Liquid chromatography coupled with mass spectrophotometer (LC–MS)
Analysis of curcumin and calebin-A were performed by using liquid chromatography Thermo–Finnigan surveyor coupled to electrospray ionization on a triple Quad mass spectrometer (Thermo–Finnigan LCQ Advantage Max) equipped with degasser, binary pump, auto sampler, and column heater. For analysis, 4 μl of the extract was injected. The auto sampler was cooled at 10 °C. Chromatographic separation was achieved using C18 column (250 × 4.6 mm, 5μ particle size, Thermo, BDS) with flow rate 0.3 ml/min at 25 °C. The isocratic solvent system was acetonitrile and 0.1% acetic acid in water (40:60). Electrospray ionization was performed in the negative ion mode using helium gas at a pressure of 5 psi for the nebulizer with a flow of 5 l/min and a temperature of 300 °C. The sheath gas temperature was 250 °C with a flow rate of 11 l/min. The capillary was set at 3500 V and the nozzle voltage was 500 V.
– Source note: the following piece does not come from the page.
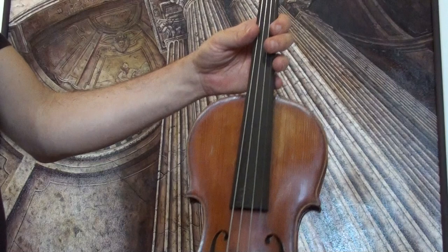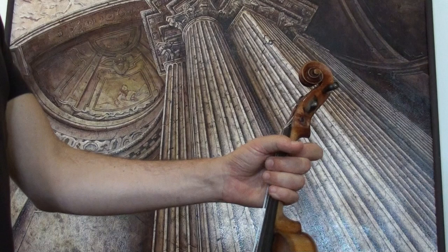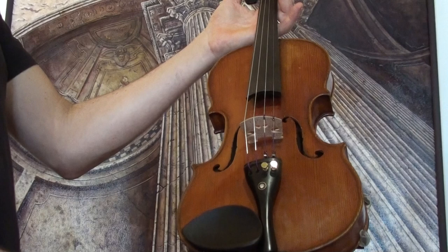It received a new setup with new ebony pegs, a new ebony tailpiece, an older ebony chin rest, a newly fitted bridge, and new strings.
Baeyer Villiger monooxygenases (BVMO) enzyme activity
Endophytic fungus O. brasiliensis MTCC 25236 was cultivated in PDB medium, containing 0.5 mg/ml of Curcumin C3 Complex® (dissolved in 25 mg/ml of DMSO). The culture was incubated for 72 h at 37 ± 0.5 °C at 140 rpm. After every 24, 48 and 72 h of interval, culture was centrifuged (10,000×g for 10 min) to remove cells and then supernatant was collected separately. Cell free supernatant was used as a crude extracellular enzyme complex to determine the BVMO activity. In another set of experiment, the above collected cell pellet was washed three times with sterile phosphate buffer (0.1 M PBS, pH 7.5) containing 4 mM phenylmethanesulfonyl fluoride (Sigma-Aldrich). The washed cells were re-suspended in 10 ml phosphate buffer (50 mM; pH 7.5), and then were sonicated (for 45 s each cycle with 80% amplitude in cold condition) using ultrasonic homogenizer (Sartorius AG, Göttingen, Germany). The cell homogenate was centrifuged (10,000×g) at 4 °C and the clear supernatant was used as crude intracellular enzyme complex BVMOs activity. The in vitro BVMO activity was measured by monitoring the NADPH consumption (which is a must for BVMO activity) at 340 nm for 180 s in 1 ml cuvettes by using a UV–Vis spectrophotometer (Shimadzu Corporation, Kyoto, Japan). The assays were performed in Tris-HCl buffer (50 mM, pH 8.5) containing 0.8 mM NADPH, 10 mM cyclohexanone, by adjusting absorbance between 0.9 and 1.0 at 340 nm and followed by addition of appropriate amount of the crude enzyme extracts. One unit (U) of the enzyme activity was defined as the amount of enzyme to oxidize 1 μmol of NADPH for 1 min under the reaction conditions. Protein content was determined by following Bradford’s method, using bovine serum albumin (BSA, Sigma-Aldrich) as standard (Bradford 1976).